Ich brauche das, weil ich Befehle wie swapoff ausführen möchte , swapon , apt , etc… Aber durch eine andere Anwendung, und ich möchte, dass sie mich nicht nach einem Passwort fragt.
Die Befehle werden korrigiert (diese Root-Befehle werden ihre Parameter in der Datei haben, nicht als Eingabe), also sind die Auswirkungen auf die Sicherheit nicht gerade meine Hauptbeschäftigung, aber ich akzeptiere auch Erklärungen.
Akzeptierte Antwort:
Der Low-Level-Weg, ein Programm immer unter einer bestimmten UID laufen zu lassen, ist das setuid-Bit in der Binärdatei. So geht z.B. sudo und su ihre Root-Berechtigungen erhalten, auch wenn sie normalerweise von normalen Benutzern gestartet werden.

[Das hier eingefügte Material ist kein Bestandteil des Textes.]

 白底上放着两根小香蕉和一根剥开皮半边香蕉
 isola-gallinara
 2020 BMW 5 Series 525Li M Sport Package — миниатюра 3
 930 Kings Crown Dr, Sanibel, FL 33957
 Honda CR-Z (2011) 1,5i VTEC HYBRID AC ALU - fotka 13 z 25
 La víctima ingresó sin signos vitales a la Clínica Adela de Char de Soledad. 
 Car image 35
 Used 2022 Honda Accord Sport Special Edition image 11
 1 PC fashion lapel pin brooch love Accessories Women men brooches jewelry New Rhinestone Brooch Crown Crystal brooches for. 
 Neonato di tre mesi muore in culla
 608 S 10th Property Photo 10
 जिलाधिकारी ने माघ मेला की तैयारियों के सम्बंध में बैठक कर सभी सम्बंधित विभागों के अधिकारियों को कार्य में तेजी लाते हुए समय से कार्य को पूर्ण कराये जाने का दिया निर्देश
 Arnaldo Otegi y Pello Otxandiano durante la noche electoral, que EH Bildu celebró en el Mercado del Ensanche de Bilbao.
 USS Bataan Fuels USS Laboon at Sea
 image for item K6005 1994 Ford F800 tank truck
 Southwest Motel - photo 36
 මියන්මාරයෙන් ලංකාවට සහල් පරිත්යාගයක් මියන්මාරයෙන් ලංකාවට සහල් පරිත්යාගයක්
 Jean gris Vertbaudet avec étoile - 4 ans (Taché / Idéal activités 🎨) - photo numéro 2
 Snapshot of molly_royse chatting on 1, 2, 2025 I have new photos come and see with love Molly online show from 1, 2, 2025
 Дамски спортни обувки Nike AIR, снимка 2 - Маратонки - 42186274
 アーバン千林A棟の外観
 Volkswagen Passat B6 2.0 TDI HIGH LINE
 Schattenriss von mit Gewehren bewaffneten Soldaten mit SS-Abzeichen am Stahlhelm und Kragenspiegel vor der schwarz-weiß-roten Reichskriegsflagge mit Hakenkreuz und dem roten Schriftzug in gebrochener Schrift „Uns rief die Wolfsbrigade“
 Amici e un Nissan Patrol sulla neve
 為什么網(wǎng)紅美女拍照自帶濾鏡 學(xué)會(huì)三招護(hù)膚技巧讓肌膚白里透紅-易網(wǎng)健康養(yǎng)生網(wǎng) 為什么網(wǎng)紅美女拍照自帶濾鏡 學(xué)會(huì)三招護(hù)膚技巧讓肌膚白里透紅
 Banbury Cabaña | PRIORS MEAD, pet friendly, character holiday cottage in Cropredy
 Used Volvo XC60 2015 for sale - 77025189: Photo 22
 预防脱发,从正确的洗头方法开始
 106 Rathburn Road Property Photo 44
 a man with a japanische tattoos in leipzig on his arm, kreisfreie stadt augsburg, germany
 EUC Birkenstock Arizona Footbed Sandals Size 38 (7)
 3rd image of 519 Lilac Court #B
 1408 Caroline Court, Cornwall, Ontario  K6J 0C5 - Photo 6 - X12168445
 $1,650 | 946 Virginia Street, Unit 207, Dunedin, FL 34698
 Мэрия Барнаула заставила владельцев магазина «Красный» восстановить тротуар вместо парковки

Aber im Allgemeinen unterstützen Unix-ähnliche Systeme keine setuid Skripte , siehe:Setuid in Shell-Skripten zulassen
Was Sie jedoch tun können, ist, sudo zu konfigurieren oder ein anderes solches Tool, um den Benutzern zu ermöglichen, einige bestimmte Dateien mit den entsprechenden Berechtigungen auszuführen. Beispielsweise würde dies viceadmin erlauben um /usr/local/bin/sudoswapon auszuführen mit beliebigen Argumenten und ohne Authentifizierung:
viceadmin ALL = NOPASSWD:/usr/local/bin/sudoswapon
Nun, seit sudo befasst sich mit dem Ändern von Privilegien selbst, sudoswapon kann ein Shell-Skript sein.
Sie haben Recht, wenn Sie anmerken, dass das Skript vorsichtig sein müsste, wie es mit Befehlszeilenargumenten umgeht, und zwar alle es gelten die Fallstricke der Shell-Sprache. Zum Glück sudo filtert die meisten Umgebungsvariablen heraus, zumindest wenn env_reset Option ist gesetzt.